## What the task requires:
Every entry needs to be written out again exactly.

○ ○ ○ ○ ○ ○ ○

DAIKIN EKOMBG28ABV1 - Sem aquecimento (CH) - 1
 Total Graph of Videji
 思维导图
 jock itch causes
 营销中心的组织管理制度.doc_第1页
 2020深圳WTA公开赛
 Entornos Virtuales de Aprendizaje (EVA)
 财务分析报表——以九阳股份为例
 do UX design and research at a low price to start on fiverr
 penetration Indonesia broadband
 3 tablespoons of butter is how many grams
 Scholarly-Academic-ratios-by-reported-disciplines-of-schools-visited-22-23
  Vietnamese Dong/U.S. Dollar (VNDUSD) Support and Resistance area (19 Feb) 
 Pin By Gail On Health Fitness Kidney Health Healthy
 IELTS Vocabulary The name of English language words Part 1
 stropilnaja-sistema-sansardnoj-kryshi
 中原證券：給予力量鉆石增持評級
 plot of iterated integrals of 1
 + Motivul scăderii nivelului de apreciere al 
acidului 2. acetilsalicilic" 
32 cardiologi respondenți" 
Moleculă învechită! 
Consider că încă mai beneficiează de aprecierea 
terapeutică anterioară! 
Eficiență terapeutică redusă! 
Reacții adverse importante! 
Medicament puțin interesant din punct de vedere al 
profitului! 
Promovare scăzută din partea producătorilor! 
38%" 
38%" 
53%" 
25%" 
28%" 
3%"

○ ○ ○ ○ ○ ○ ○

## Output of the task:
DAIKIN EKOMBG28ABV1 - Sem aquecimento (CH) - 1
 Total Graph of Videji
 思维导图
 jock itch causes
 营销中心的组织管理制度.doc_第1页
 2020深圳WTA公开赛
 Entornos Virtuales de Aprendizaje (EVA)
 财务分析报表——以九阳股份为例
 do UX design and research at a low price to start on fiverr
 penetration Indonesia broadband
 3 tablespoons of butter is how many grams
 Scholarly-Academic-ratios-by-reported-disciplines-of-schools-visited-22-23
  Vietnamese Dong/U.S. Dollar (VNDUSD) Support and Resistance area (19 Feb) 
 Pin By Gail On Health Fitness Kidney Health Healthy
 IELTS Vocabulary The name of English language words Part 1
 stropilnaja-sistema-sansardnoj-kryshi
 中原證券：給予力量鉆石增持評級
 plot of iterated integrals of 1
 + Motivul scăderii nivelului de apreciere al 
acidului 2. acetilsalicilic" 
32 cardiologi respondenți" 
Moleculă învechită! 
Consider că încă mai beneficiează de aprecierea 
terapeutică anterioară! 
Eficiență terapeutică redusă! 
Reacții adverse importante! 
Medicament puțin interesant din punct de vedere al 
profitului! 
Promovare scăzută din partea producătorilor! 
38%" 
38%" 
53%" 
25%" 
28%" 
3%"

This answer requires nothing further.